Does medical insurance cover CBD-based products as a treatment for children with epilepsy?
Not yet. As a result, families can expect to pay for it themselves. As of 2014, the cost of Charlotte’s Web ranged from $100 to $600 per month, depending on dosage level and patient weight. Many Charlotte’s Web patients receive financial assistance from the Realm of Caring Foundation (firstname.lastname@example.org or 719-347-5400), which is related to the Stanleys’ organization. Haleigh’s Hope is priced at 9 cents per milligram; according to Cranford, the average patient dose costs $150 per month (contact information: www.floweringhope.co or 719-368-7963).
If the efficacy of Epidiolex or other cannabis-related products could be documented through clinical trials, they might become eligible for insurance coverage in the future.

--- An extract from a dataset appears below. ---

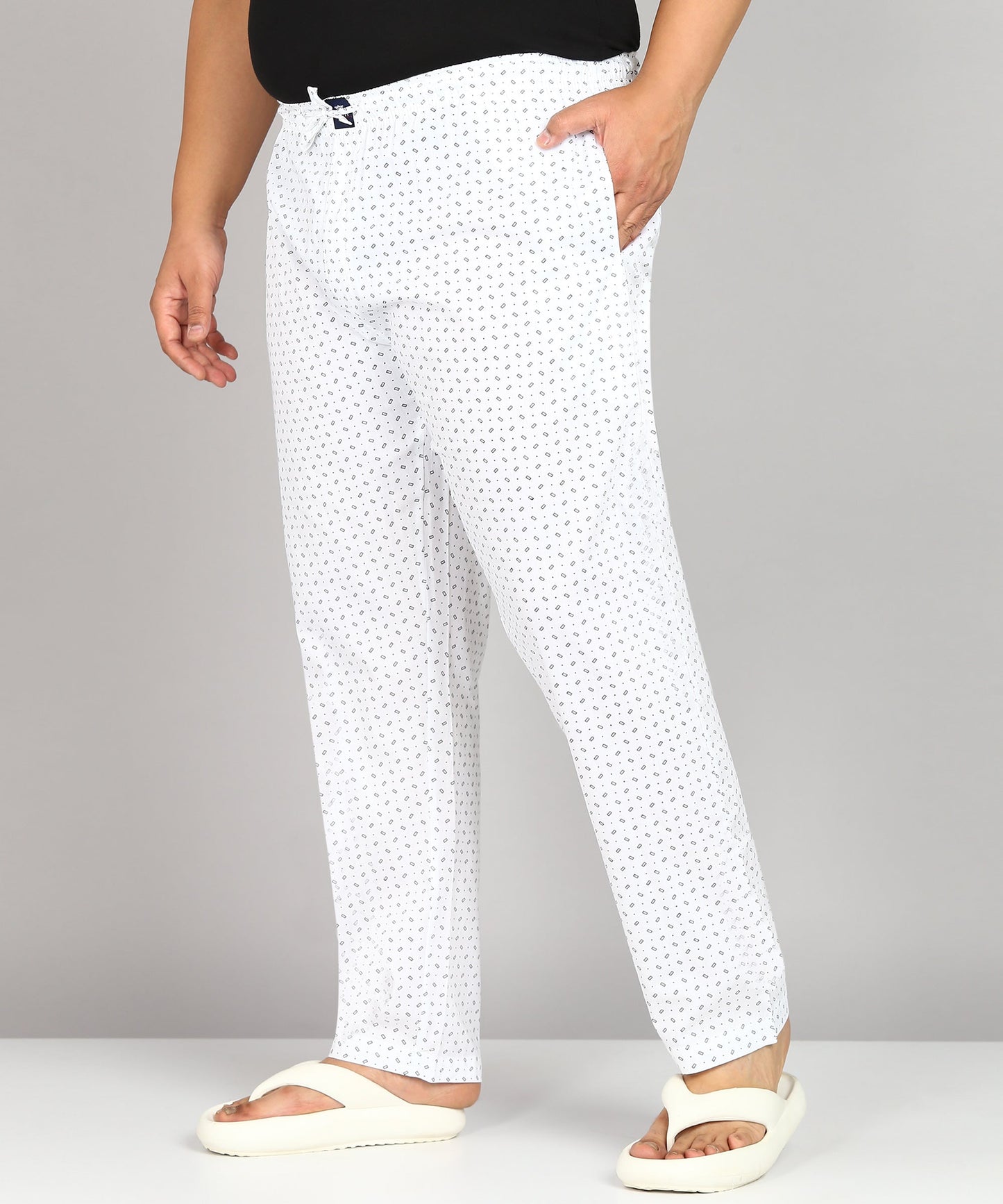 Men Plus Size White Plus Printed Pyjama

Although the Drug Enforcement Administration currently classifies marijuana as a Schedule I controlled substance (which means that it has no currently accepted medical use in the United States), Marinol, a drug prescribed for side effects of chemotherapy that contains THC, is classified separately as Schedule III. GW Pharmaceuticals hopes that Epidiolex would be similarly reclassified if the FDA approves its use following clinical trials.